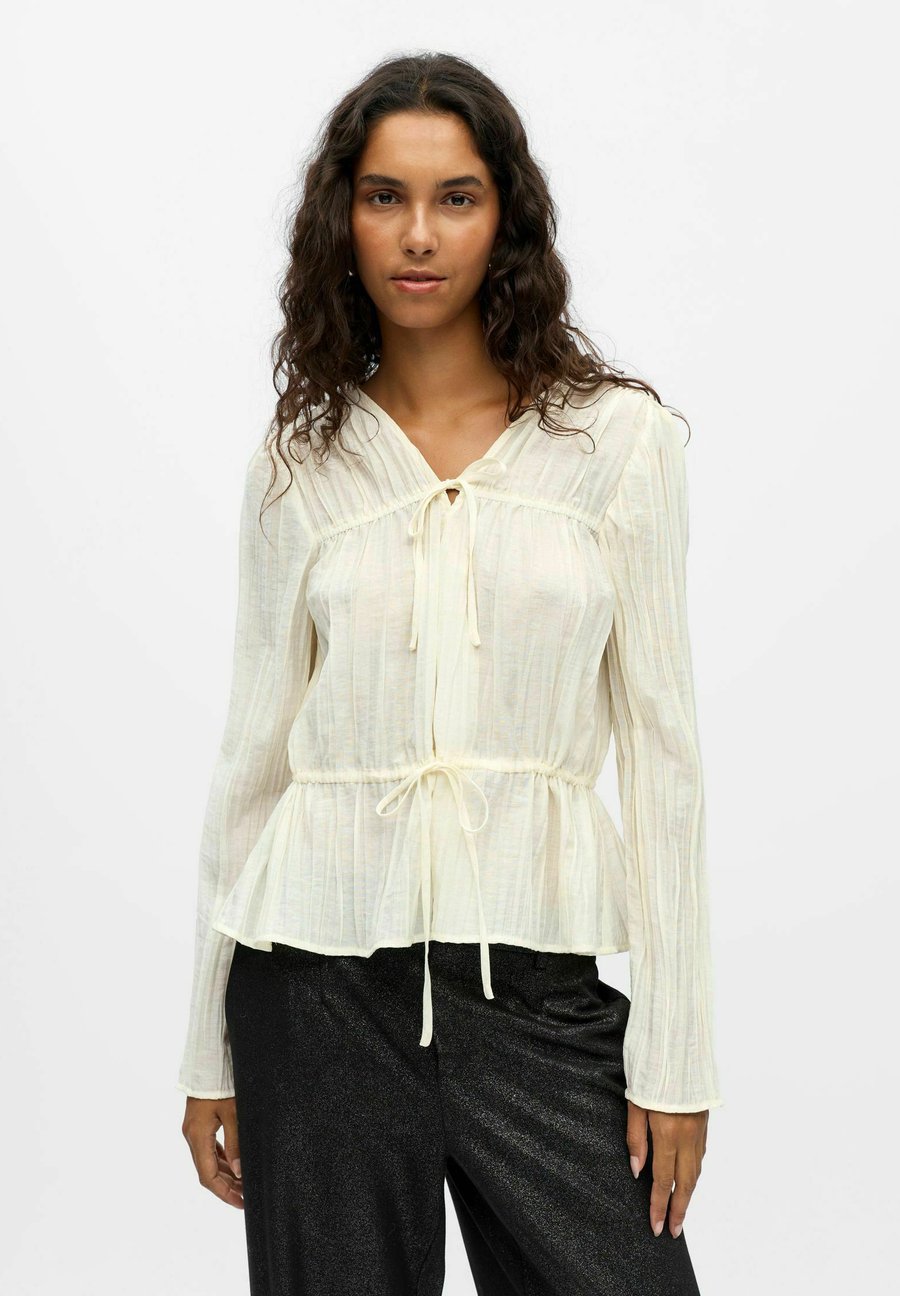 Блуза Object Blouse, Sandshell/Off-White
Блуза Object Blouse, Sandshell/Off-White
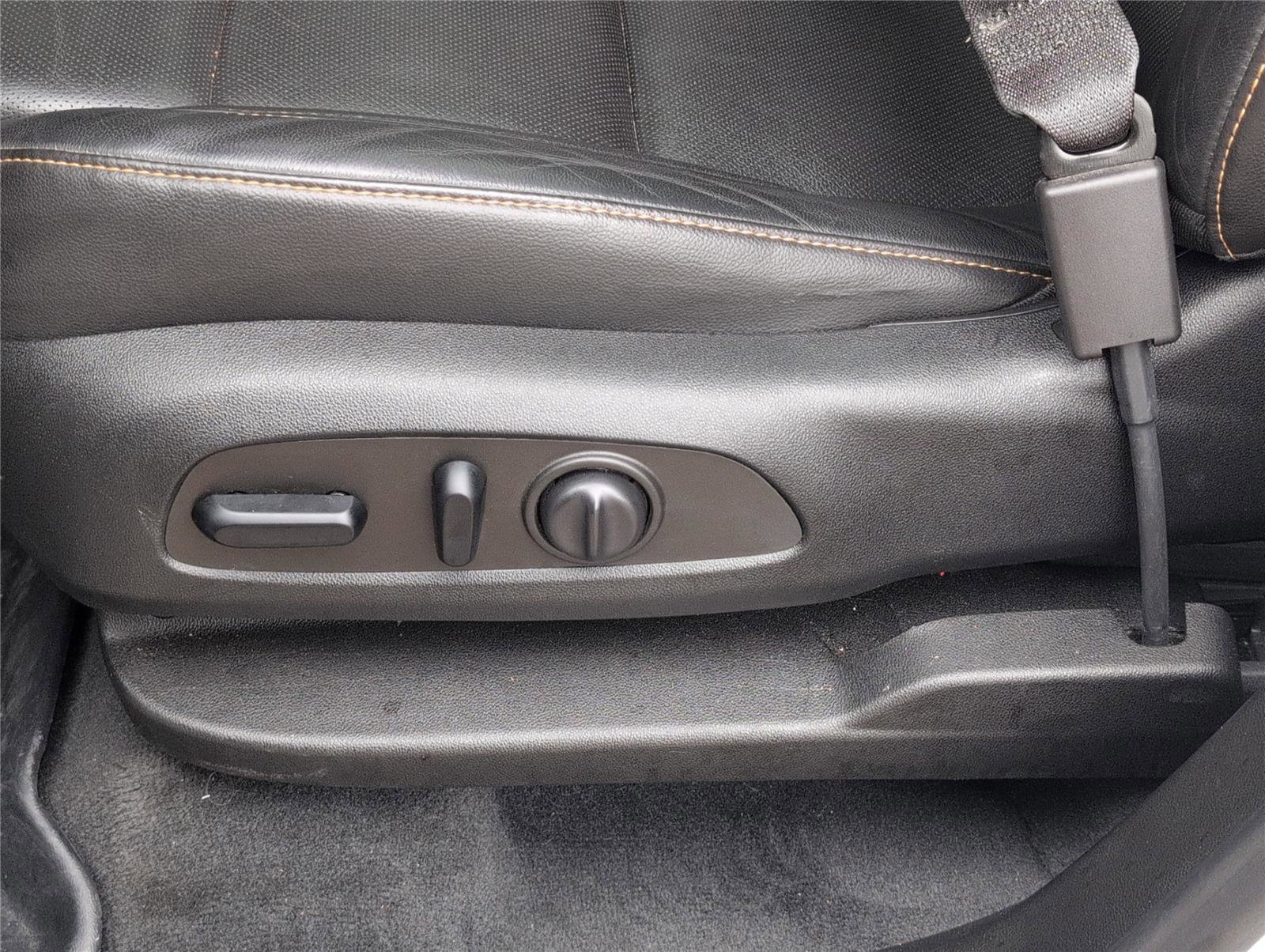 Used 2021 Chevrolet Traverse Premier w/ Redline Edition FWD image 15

---

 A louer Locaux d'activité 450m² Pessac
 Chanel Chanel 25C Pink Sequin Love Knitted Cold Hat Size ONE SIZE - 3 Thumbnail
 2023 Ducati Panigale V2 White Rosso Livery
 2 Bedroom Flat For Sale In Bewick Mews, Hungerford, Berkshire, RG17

PROBLEM TO SOLVE:
Give back the records above exactly, limited to the lines between the one holding "2023 Ducati Panigale V2 White Rosso Livery" and the one holding "2 Bedroom Flat", inclusive.

SOLVED EXERCISE:
 2023 Ducati Panigale V2 White Rosso Livery
 2 Bedroom Flat For Sale In Bewick Mews, Hungerford, Berkshire, RG17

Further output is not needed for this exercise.